Great. Great. And then last question for me is, just on manufacturing and looking ahead, because, you know, hopefully in a few months, this will be a global product. Do you anticipate having multiple manufacturing facilities around the globe, or do you think that one will be sufficient?
I think it's something that we are obviously considering. But you know, I don't have any news on that right now, but it is something that we are considering. At the moment, our manufacturing sites are sufficient for, you know, our foreseeable, you know, supply needs in the future, but it's certainly something that we would consider as time goes on.
Great. Thank you, Phil. Thank you everyone else. Appreciate it.
All right. Thank you.
This concludes the Q&A session. Before I ask Mr. Philip Serlin to go ahead with his closing statement, I would like to remind participants that a replay of this call is scheduled to begin 2 hours after the conference. In the U.S., please call 1-888-929-5263. In Israel, please call 03-925-5904, and internationally, please call 972-3-925-5904. Mr. Serlin, would you like to make your concluding statement?

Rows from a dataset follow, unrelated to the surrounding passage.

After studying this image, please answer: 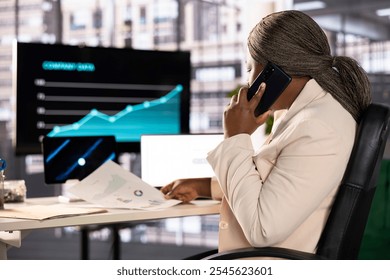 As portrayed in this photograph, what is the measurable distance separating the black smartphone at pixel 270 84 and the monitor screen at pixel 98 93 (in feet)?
4.21

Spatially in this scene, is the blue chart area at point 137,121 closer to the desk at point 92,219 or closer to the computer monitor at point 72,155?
the computer monitor at point 72,155

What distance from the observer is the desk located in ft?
6.25

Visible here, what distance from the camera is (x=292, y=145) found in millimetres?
1650

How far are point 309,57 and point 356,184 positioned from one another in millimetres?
381

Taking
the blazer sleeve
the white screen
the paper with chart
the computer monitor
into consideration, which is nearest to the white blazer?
the blazer sleeve

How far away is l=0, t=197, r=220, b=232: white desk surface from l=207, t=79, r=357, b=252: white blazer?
40 cm

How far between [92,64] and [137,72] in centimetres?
23

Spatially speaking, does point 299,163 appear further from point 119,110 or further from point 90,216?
point 119,110

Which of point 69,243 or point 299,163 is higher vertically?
point 299,163

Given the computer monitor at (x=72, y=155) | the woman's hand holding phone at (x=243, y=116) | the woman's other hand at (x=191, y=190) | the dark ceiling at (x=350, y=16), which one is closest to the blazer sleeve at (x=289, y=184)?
the woman's hand holding phone at (x=243, y=116)

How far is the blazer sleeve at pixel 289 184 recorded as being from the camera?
1594mm

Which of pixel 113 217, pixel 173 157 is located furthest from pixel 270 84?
pixel 173 157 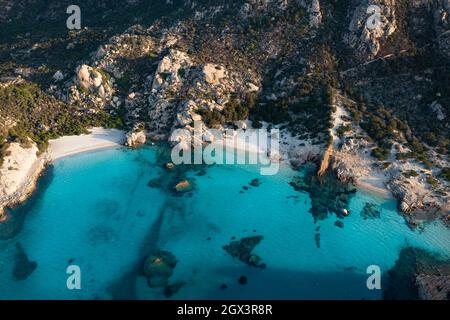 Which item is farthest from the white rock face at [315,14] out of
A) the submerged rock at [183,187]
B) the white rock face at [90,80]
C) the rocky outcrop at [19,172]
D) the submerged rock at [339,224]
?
the rocky outcrop at [19,172]

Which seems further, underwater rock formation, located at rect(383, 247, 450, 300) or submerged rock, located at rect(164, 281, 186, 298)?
underwater rock formation, located at rect(383, 247, 450, 300)

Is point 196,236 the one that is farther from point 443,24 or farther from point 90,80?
point 443,24

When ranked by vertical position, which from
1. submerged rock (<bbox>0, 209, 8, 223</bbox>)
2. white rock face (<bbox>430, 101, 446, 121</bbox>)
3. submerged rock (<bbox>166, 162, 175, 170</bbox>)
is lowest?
submerged rock (<bbox>0, 209, 8, 223</bbox>)

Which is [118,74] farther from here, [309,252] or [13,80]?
[309,252]

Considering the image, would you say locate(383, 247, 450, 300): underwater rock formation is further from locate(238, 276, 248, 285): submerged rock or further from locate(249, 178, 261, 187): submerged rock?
locate(249, 178, 261, 187): submerged rock

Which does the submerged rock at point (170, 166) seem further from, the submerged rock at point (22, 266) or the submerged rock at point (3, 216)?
the submerged rock at point (22, 266)

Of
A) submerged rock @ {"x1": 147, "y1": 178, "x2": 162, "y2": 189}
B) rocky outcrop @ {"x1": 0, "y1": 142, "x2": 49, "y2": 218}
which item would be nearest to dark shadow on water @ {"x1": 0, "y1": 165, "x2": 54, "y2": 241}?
rocky outcrop @ {"x1": 0, "y1": 142, "x2": 49, "y2": 218}

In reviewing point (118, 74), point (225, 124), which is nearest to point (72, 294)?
point (225, 124)

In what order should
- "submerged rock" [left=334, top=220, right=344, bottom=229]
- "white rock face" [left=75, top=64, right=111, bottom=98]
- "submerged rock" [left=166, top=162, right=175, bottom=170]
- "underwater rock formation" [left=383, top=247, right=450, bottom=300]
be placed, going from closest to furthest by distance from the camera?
"underwater rock formation" [left=383, top=247, right=450, bottom=300]
"submerged rock" [left=334, top=220, right=344, bottom=229]
"submerged rock" [left=166, top=162, right=175, bottom=170]
"white rock face" [left=75, top=64, right=111, bottom=98] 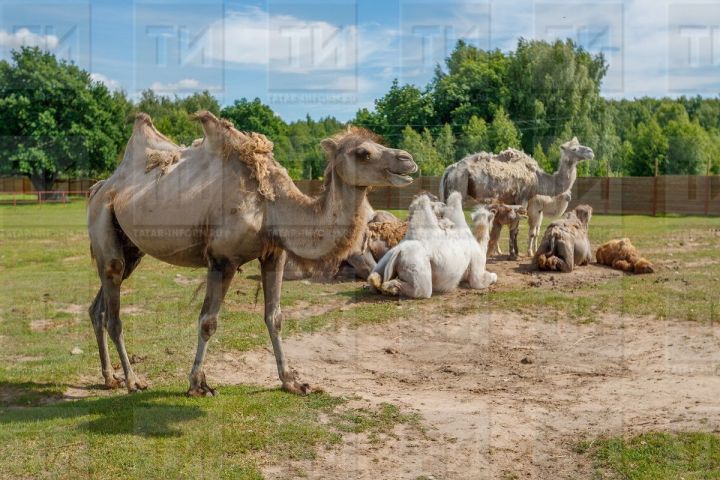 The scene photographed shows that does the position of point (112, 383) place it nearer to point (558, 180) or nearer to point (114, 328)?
point (114, 328)

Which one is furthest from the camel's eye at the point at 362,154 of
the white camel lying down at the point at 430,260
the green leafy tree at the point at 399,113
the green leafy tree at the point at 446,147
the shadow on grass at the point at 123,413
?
the green leafy tree at the point at 399,113

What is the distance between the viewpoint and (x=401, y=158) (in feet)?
18.7

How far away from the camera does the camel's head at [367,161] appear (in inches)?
225

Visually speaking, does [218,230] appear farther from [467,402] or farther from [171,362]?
[467,402]

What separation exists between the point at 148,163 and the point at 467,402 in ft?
12.5

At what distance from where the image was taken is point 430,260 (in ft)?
37.1

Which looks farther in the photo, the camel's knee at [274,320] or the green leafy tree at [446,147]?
the green leafy tree at [446,147]

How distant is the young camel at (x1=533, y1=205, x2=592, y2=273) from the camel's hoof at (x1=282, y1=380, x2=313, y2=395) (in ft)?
27.5

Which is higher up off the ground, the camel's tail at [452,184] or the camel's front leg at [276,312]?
the camel's tail at [452,184]

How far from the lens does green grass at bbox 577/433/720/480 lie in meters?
4.82

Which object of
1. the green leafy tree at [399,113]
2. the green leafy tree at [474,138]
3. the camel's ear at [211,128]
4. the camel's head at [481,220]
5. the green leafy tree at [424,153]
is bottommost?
the camel's head at [481,220]

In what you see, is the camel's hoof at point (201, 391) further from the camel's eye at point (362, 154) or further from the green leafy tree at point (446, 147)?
the green leafy tree at point (446, 147)

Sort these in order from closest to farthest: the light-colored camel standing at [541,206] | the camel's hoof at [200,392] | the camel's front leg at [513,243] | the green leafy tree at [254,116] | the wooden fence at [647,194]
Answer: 1. the camel's hoof at [200,392]
2. the camel's front leg at [513,243]
3. the light-colored camel standing at [541,206]
4. the wooden fence at [647,194]
5. the green leafy tree at [254,116]

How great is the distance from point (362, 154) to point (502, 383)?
292 centimetres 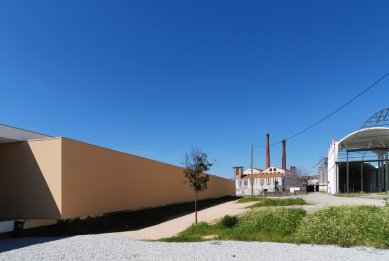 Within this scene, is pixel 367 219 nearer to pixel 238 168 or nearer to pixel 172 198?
pixel 172 198

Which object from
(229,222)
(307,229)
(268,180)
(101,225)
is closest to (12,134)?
(101,225)

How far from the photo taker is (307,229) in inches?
417

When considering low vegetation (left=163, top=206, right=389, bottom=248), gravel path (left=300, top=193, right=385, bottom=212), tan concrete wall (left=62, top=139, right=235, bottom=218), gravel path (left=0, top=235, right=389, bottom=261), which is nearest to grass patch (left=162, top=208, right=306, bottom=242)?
low vegetation (left=163, top=206, right=389, bottom=248)

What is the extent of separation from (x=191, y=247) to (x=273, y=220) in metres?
3.85

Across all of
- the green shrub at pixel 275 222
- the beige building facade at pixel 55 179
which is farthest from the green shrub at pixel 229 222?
the beige building facade at pixel 55 179

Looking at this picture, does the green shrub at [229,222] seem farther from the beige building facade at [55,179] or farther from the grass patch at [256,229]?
the beige building facade at [55,179]

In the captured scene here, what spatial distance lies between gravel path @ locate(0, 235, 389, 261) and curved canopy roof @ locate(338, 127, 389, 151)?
1545 inches

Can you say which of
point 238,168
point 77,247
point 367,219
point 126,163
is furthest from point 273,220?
point 238,168

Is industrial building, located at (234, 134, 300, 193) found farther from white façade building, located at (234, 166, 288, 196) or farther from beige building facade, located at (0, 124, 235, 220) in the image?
beige building facade, located at (0, 124, 235, 220)

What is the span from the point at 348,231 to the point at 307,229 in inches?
42.9

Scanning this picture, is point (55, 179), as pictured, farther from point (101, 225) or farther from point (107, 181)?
point (107, 181)

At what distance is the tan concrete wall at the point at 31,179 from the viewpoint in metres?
14.3

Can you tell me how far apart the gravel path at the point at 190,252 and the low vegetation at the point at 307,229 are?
606 millimetres

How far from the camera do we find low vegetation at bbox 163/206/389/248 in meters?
9.79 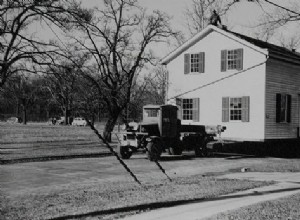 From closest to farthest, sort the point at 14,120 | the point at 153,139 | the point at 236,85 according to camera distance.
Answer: the point at 153,139, the point at 236,85, the point at 14,120

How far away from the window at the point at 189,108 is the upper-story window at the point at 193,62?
1.82m

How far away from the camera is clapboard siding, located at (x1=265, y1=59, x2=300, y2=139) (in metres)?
22.7

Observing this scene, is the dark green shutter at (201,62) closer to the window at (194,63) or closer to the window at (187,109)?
the window at (194,63)

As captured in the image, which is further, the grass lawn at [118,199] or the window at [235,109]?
the window at [235,109]

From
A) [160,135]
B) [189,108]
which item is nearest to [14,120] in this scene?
[189,108]

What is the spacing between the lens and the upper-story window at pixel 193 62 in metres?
25.4

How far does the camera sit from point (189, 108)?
2559 cm

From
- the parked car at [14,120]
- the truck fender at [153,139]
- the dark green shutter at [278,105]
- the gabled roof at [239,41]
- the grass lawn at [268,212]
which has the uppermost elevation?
the gabled roof at [239,41]

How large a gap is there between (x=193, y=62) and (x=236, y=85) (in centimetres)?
353

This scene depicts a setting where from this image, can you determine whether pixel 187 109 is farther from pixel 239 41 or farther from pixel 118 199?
pixel 118 199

Yes, I would. Thank you. Before closing today's call, I want to thank everyone again for taking the time to join us for what is the most important achievement in the company's history to date. As mentioned, we have been advancing pre-commercial activities in anticipation of FDA approval of APHEXDA, and as a result, we are well positioned to hit the ground running and look forward to entering the market in the next few weeks.
While we have been laser focused on executing the successful launch of APHEXDA, we have continued to advance important lifecycle growth areas for motixafortide with our clinical partners, including a bridging study in China for stem cell mobilization and multiple myeloma that can support approval in Asian territories, two large randomized Phase 2 and Phase 2/3 studies in first-line metastatic pancreatic cancer, and a Phase 1 study in stem cell mobilization for gene therapies in sickle cell disease. We believe these programs, together with today's approval in stem cell mobilization for multiple myeloma patients, reflect the potential versatility of motixafortide to improve patient outcomes across a range of complex diseases while creating enduring value for our shareholders. Thank you again for your continued interest in BioLineRx, and have a good day.
Thank you. This concludes the BioLineRx investor call. Thank you for your participation. You may go ahead and disconnect.